▶ **Description of the task**
Taking the line with "Tarantula cartoon illustratie stof" as the first and the line with "W RHODE ISLAND" as the last, set down exactly every line in that range from the entries below, and no more.

▶ **Information given**
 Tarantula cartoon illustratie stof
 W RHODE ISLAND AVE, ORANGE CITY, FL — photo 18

--

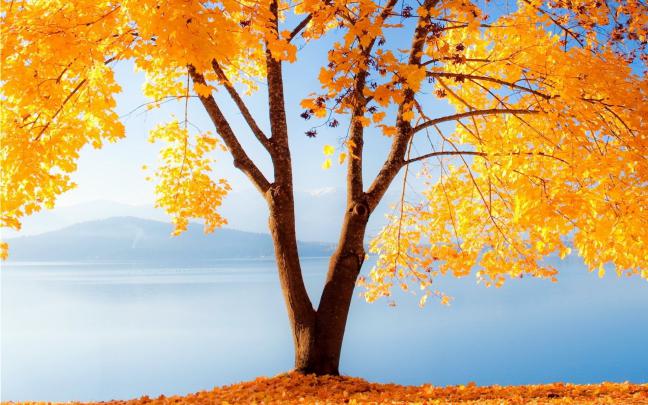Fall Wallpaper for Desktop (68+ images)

▶ **Exercise answer**
 Tarantula cartoon illustratie stof
 W RHODE ISLAND AVE, ORANGE CITY, FL — photo 18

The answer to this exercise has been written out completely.